Network issues - What ports and protocol does Coiled need? #53

Closed matthiasdv closed 4 years ago

matthiasdv commented 4 years ago

Running the Coiled getting started example works fine on my local development machine. But when I attempt to run it from a Kubernetes cluster on Google Cloud Engine I run into the following error when trying to instantiate the client:

Obviously, the client on the GCE machine is having issues when trying to connect to the Coiled managed scheduler. What would be the first things to check? What ports should be opened for which protocols?

Any help is much appreciated

mrocklin commented 4 years ago

Thank you for raising an issue @matthiasdv .

This is a signal that your dask.distributed versions are out of sync.

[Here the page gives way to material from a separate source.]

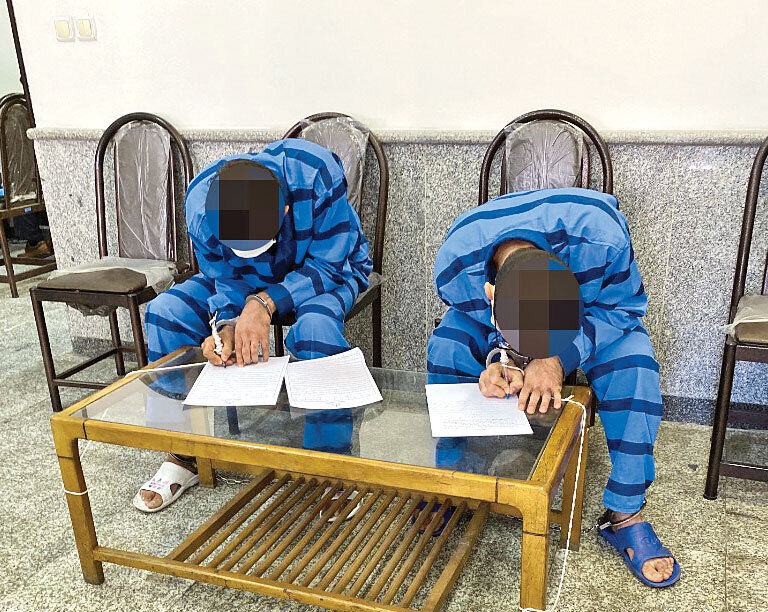 سرقت مسلحانه در زاهدان، شهر را بهم ریخت!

I've raised a small PR in Dask to improve the error message here:

I'm curious, how did you install coiled? I would have expected it to require a sufficiently recent version of dask/distributed.

Can I ask for the following:

import coiled, dask, distributed
jrbourbeau commented 4 years ago

Thanks for raising an issue @matthiasdv! The KeyError: 'pickle-protocol' error that's popping up looks like it's related to some recent changes in distributed. Can you check that you're using distributed >= 2.23.0 ?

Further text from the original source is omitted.